**Brief:** The listing below is to be written out word for word, minus its images.

**Collected data:**
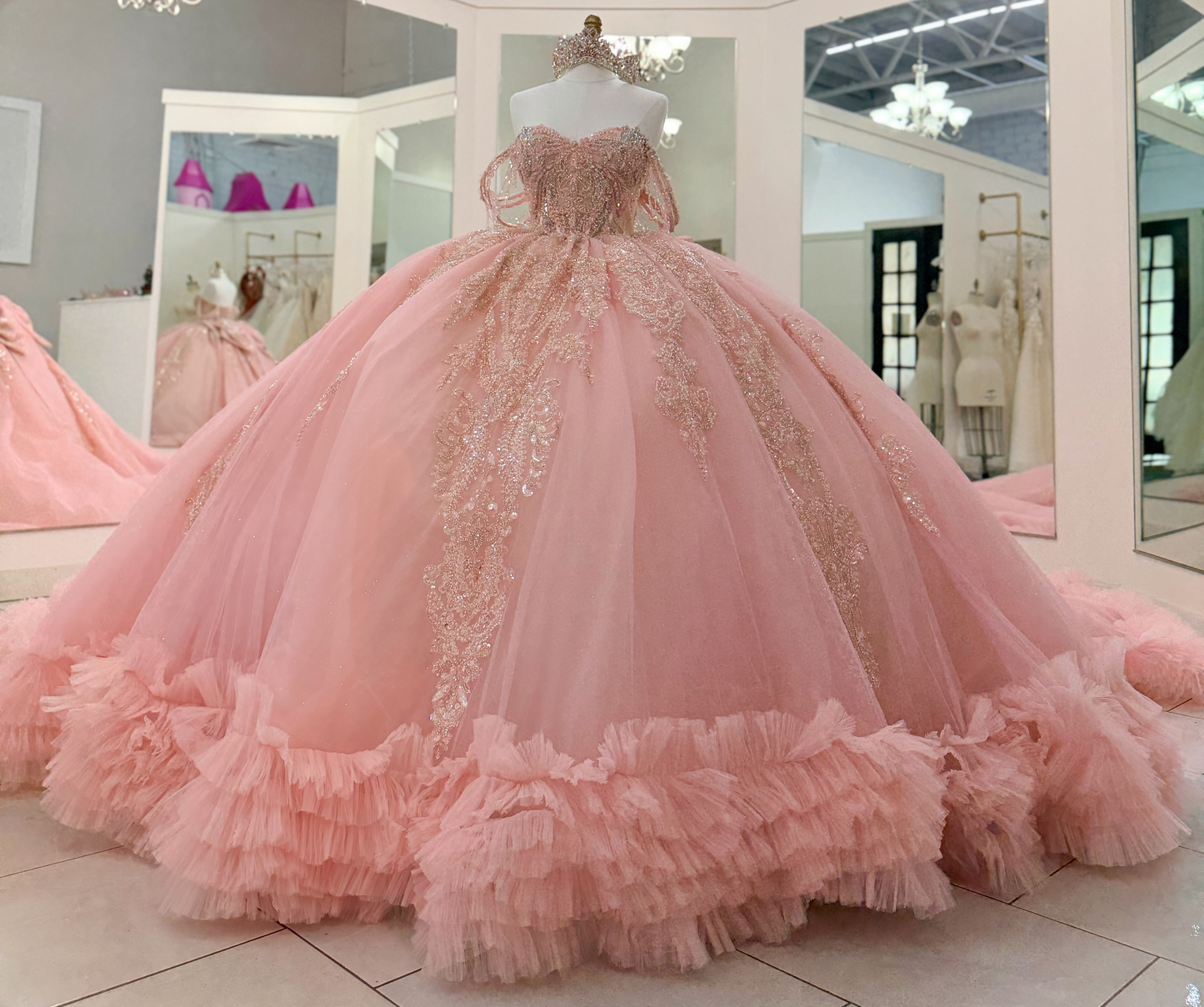 Tulle Lace Appliqued Pink Off Shoulder Sweet 16 Quinceanera Dresses with Tiered HE1607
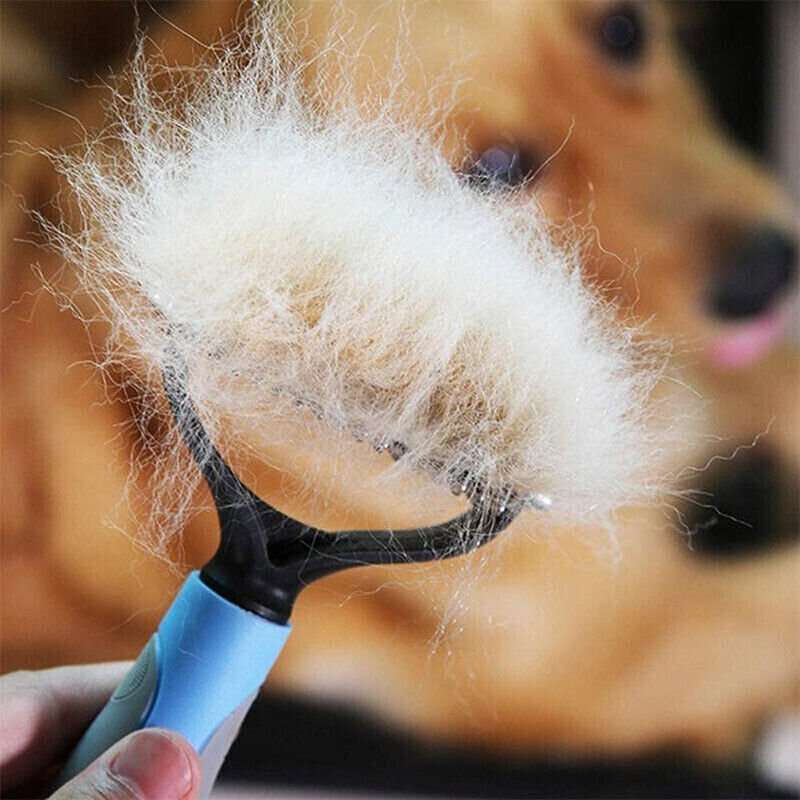 Grooming Brush For Pet Dog Cat Deshedding Tool Rake Comb Fur Remover Reduce 2-Side Dematting Tool For Dogs Cats Pets Grooming Brush Double Sided Shedding And Dematting Undercoat Rake Hair Removal Comb - key words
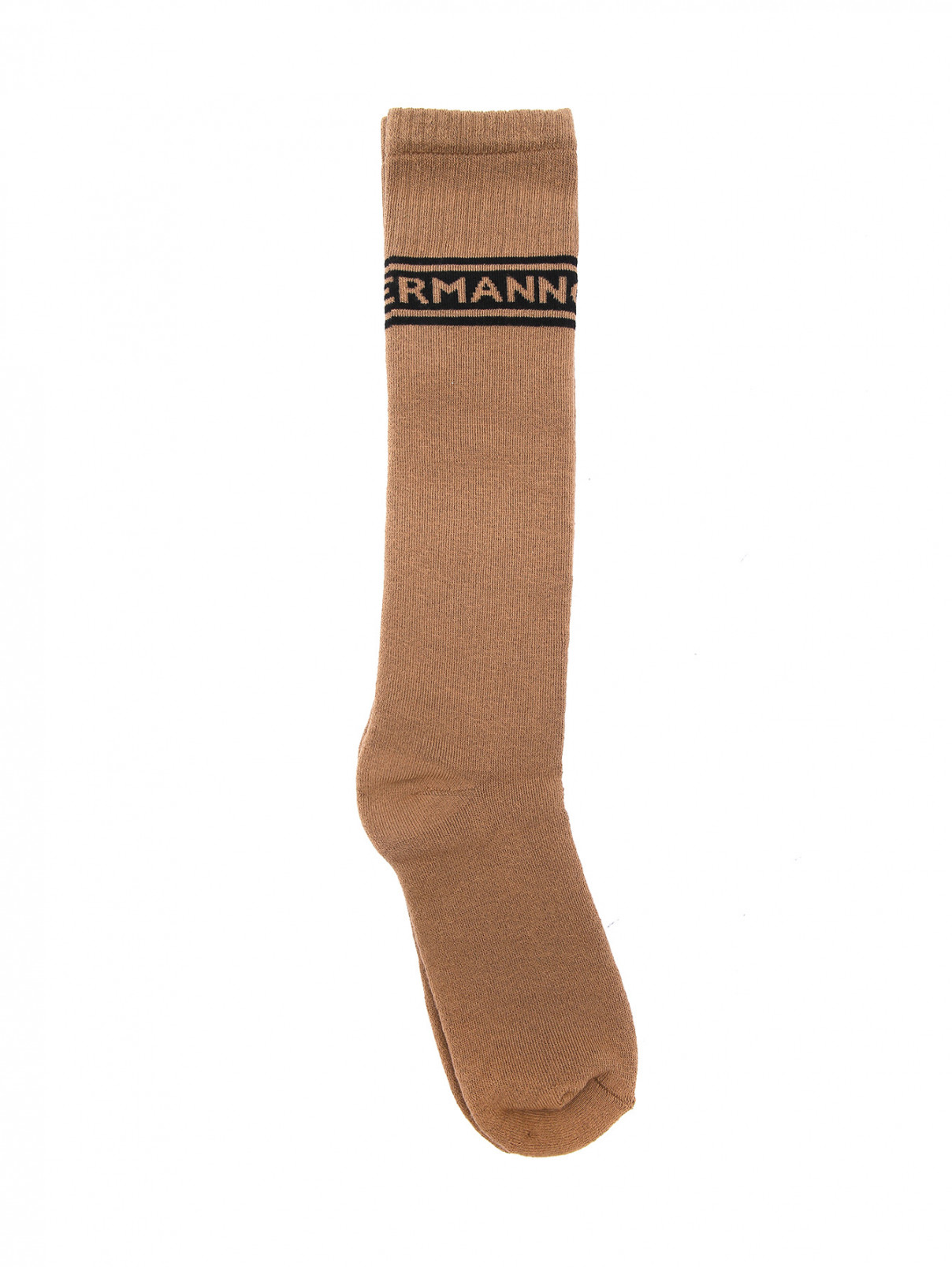 Носки из хлопка с логотипом Ermanno Firenze  –  Общий вид  – Цвет:  Бежевый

**Response below:**
 Tulle Lace Appliqued Pink Off Shoulder Sweet 16 Quinceanera Dresses with Tiered HE1607
 Grooming Brush For Pet Dog Cat Deshedding Tool Rake Comb Fur Remover Reduce 2-Side Dematting Tool For Dogs Cats Pets Grooming Brush Double Sided Shedding And Dematting Undercoat Rake Hair Removal Comb - key words
 Носки из хлопка с логотипом Ermanno Firenze  –  Общий вид  – Цвет:  Бежевый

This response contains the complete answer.